Saturday, March 28, 2009

Scary Virus Video is A Miracle of Basic Science.

From Joe.My.God.'s blog:

An astonishing new video shows for the first time how HIV attacks and infects healthy immune cells. This glimpse has provided researchers with some new ideas.
Before you look at the video, I wanted to point to a comment someone made, that the reason this research was possible was because scientists somewhere decided they wanted to study genes to find out what made certain sea life glow. By finding this gene, they were able to insert it into a virus, which made it possible to take pictures of the AIDS virus actively infecting a cell.

Here's the comment, a reader named in60657:

You can probably thank Martin Chalfie, Osamu Shimoura, and Roger Tsien. They won the 2008 Nobel prize in Chemistry for the green flourescent protein discovered by Shimoura in 1960 in a jellyfish.
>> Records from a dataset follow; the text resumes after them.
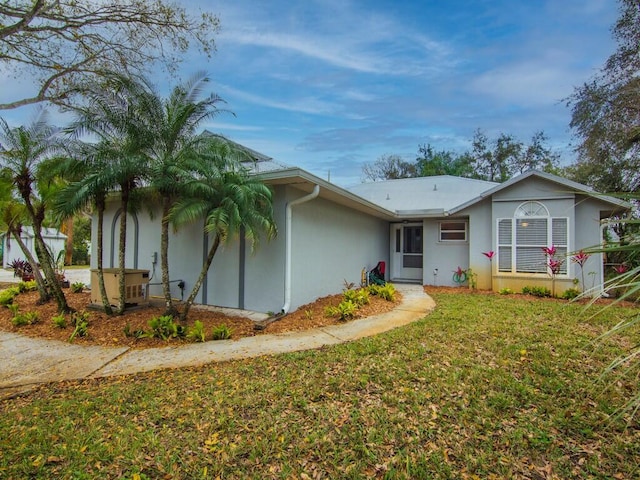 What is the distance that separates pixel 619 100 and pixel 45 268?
1779 centimetres

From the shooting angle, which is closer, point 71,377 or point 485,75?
point 71,377

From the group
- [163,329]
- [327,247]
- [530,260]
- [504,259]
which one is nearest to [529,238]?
[530,260]

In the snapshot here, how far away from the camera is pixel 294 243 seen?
7.35 m

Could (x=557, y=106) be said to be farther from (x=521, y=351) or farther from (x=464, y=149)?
(x=464, y=149)

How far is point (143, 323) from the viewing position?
21.1 ft

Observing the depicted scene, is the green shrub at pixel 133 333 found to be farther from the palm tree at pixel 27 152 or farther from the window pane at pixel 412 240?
the window pane at pixel 412 240

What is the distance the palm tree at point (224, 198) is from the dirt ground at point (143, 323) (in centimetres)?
81

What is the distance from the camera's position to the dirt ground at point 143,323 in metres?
5.75

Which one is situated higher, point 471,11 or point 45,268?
point 471,11

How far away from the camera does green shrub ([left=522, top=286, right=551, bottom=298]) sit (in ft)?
31.6

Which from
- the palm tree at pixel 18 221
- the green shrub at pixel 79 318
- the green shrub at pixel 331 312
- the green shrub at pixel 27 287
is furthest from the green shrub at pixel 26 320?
the green shrub at pixel 331 312

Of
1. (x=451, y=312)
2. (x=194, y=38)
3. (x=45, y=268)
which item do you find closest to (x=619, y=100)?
(x=451, y=312)

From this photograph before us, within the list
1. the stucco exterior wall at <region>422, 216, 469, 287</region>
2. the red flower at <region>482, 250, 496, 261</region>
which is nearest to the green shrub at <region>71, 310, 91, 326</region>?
the stucco exterior wall at <region>422, 216, 469, 287</region>

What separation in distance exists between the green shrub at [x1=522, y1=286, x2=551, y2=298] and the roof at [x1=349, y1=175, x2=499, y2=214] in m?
4.28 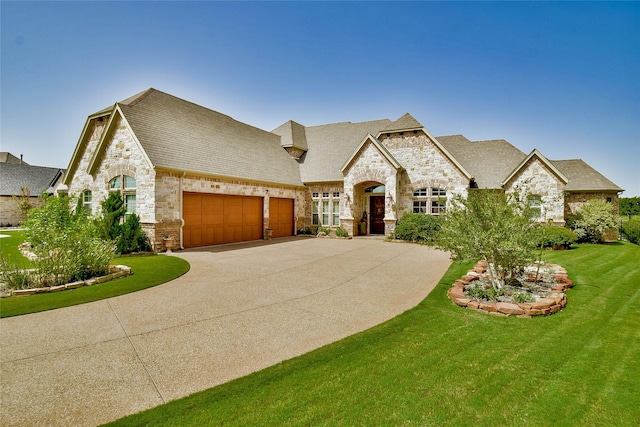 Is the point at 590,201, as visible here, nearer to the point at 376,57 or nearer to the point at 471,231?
the point at 376,57

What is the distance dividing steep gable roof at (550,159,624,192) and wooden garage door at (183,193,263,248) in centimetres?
2071

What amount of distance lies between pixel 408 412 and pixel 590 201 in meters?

Chalfie was able to insert the gene into another organism and Tsien expanded it to flouresce in different colors. This technique is also used in cancer research.

This also illustrates how something that seems silly on the surface (why does this jellyfish glow) and is used mainly by Republicans to attack science, can have far reaching and positive influences on the health of everyone.
From the article:
Researchers found that the virus is transferred from infected cells to healthy ones in a previously unknown way. It is hoped that the discovery will help researchers create a vaccine to combat the virus, which has led to the deaths of more than 25 million people.

The study was made possible after experts created a molecular clone of infectious HIV and inserted a protein into its genetic code which glows green when exposed to blue light. This allowed scientists to see the cells on digital video, and capture the way HIV-infected T-cells interact with uninfected ones.

They noted that when an infected cell came into contact with a healthy one, a bridge was created between them, called a virological synapse. Researchers were then able to observe the fluorescent green viral particles moving towards the synapse and into the healthy cell.

The US study has broken new ground by revealing that it is the synapse through which the viral proteins are gathered and moved into uninfected cells. The team, comprising scientists from UC Davis university in California, and Mount Sinai School of Medicine in New York, believe that this knowledge could help create new treatments for HIV and Aids.